With anxiety and depression at an all-time high in the western world the search for happiness is a common one. You’re not alone in the struggle to understand how to keep a positive mental perspective with all the challenges of modern life.

The search for happiness can actually sabotage your peace of mind and health by drawing attention to feelings that you’re not happy. Seeing yourself as stuck, feeling the need to find happiness, focusing you on what’s wrong instead or what’s right in your life reinforces feelings of lack.

In the movie ‘Hector and the Search for Happiness’, Hector is a quirky psychologist who is frustrated with his job and humdrum life. He leaves his lovely girlfriend Clara to learn how to find happiness and through his adventures runs the gamut of emotions including facing death. He learns that it’s the ‘happiness of pursuit’ that’s important and reunites with Clara to start a family.

Perhaps you can remember a time when you obsessed about everything you wanted to have and didn’t, almost losing the people and things you did have. When you have enough food and a home, friends, and family, it’s time to look for contentment and joy inside and to build on the relationship with yourself.

Happiness doesn’t exist in the future, it’s a moment-to-moment experience that arises when the right conditions are created in your mind and body.

Instead of seeking happiness outside yourself, start to notice and appreciate times when you feel good inside during the day.

  • Waking up after a good night’s sleep and feeling cozy and warm in your bed-
  • A nice cup of coffee or tea during a break from working-
  • Take time to appreciate the times that you spend with people you enjoy.

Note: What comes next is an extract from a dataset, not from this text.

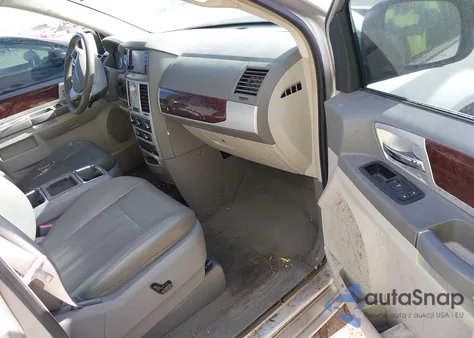 2010 Chrysler Town & Country Touring from USA, damaged, VIN 2A4RR5D19AR463656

Understanding that it’s these kind of experiences that have the most effect on day-to-day joy will make the search for happiness unnecessary. You’ll be less worried about the future and have less attachment to whether things turn out exactly as you planned- this is called detachment in the yoga teachings.

Detachment doesn’t mean you don’t care; it helps to keep you on an even keel. By creating stability in your thoughts, emotions, and body you’ll build the foundation for happiness, and finding and keeping a flow that supports your purpose in life will become easy.

So stop searching for happiness and start appreciating the joy you already experience today.